U.S. Warned of Sugar Shortage
Do you have a sweet tooth for chocolate bars, cereals, cookies, gums, sodas, and juices? If so, you better watch out! Several giant foo producers warned the Obama government that the U.S. could be facing a severe sugar shortage unless the import quotas are increased.
"Experts forecast unprecedented shortages without prompt action," the manufacturers told Agriculture Secretary Tom Vilsack, citing a forecast from the government's own statistical literature which predicts that the US will end the next fiscal year with less than 13 days' worth of sugar on hand.
The firms, including Kraft Foods Inc., General Mills Inc., Hershey Co., and Mars Inc., indicated that the U.S. could "virtually run out of sugar" and they would be forced to increase consumer prices and lay off workers, unless the Agriculture Department allows more import of tariff-free sugar. Currently, the U.S. the amount of tariff-free sugar from major producers such as Brazil, with Mexico being the only exception.
While the threats from the firms seem credible, many economists aren't buying the argument.
Jack Roney, the Alliance's chief economist, said food companies probably wouldn't pass along any savings to consumers from a widened import quota. But each one-cent drop in the price of sugar costs U.S. farmers about $160 million, he said.

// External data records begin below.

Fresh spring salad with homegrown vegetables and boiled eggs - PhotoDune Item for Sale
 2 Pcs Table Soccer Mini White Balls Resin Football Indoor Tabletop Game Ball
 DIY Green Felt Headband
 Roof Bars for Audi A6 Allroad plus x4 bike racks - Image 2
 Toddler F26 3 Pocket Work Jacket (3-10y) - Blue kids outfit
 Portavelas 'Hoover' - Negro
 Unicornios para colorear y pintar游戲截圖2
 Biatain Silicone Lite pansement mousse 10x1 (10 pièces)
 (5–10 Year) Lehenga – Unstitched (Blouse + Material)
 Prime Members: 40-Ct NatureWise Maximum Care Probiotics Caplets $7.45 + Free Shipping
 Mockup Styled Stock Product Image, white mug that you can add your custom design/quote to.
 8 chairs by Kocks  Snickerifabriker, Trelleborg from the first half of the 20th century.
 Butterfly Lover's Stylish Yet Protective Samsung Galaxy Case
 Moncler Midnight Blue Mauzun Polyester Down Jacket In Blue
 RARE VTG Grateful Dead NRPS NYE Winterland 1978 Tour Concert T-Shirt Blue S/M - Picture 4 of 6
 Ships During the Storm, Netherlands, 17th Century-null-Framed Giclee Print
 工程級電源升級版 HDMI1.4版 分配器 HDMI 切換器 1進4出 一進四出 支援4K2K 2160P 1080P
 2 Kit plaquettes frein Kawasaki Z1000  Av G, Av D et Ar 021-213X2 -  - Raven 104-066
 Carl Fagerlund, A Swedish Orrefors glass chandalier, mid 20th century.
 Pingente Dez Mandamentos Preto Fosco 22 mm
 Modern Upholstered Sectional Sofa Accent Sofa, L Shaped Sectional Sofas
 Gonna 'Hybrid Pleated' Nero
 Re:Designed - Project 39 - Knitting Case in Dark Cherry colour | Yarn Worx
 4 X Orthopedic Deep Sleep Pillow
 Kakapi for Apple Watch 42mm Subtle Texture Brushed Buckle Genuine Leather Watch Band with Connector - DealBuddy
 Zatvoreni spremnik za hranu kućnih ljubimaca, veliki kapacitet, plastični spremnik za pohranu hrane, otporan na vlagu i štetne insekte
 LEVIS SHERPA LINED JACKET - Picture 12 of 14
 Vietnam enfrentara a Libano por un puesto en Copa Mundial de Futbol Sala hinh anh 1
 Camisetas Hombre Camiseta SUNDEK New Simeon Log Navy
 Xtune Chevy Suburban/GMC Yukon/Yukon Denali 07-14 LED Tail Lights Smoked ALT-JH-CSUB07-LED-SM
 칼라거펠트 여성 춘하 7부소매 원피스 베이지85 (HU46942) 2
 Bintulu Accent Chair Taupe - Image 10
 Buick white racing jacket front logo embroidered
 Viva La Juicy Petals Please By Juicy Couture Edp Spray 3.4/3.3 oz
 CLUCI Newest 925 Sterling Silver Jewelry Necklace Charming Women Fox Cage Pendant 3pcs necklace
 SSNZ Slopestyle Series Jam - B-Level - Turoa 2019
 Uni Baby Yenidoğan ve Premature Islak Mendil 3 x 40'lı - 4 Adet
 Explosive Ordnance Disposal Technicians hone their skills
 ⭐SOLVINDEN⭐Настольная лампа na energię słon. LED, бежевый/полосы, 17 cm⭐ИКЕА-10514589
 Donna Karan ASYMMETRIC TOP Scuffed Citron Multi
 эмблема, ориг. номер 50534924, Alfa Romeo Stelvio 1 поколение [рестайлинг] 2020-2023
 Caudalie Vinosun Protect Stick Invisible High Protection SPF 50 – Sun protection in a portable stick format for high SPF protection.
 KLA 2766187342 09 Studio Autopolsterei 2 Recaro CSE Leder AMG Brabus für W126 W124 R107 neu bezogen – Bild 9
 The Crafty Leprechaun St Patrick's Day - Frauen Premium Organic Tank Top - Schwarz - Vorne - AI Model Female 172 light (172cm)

U.S. sugar prices has leapt by 80% this year and are trading at a record high price. The reason for that is simple - high demand, low supply. The world's largest sugar producer, Brazil, has experienced excessive rain this year, and the country is diverting a huge portion of its cane crop to making ethanol fuel. On top of that, another sugar-producer, India, has had a poor monsoon season. At the same time, U.S. sugar supplies are expected to drop 43% by September 2010 from this fall.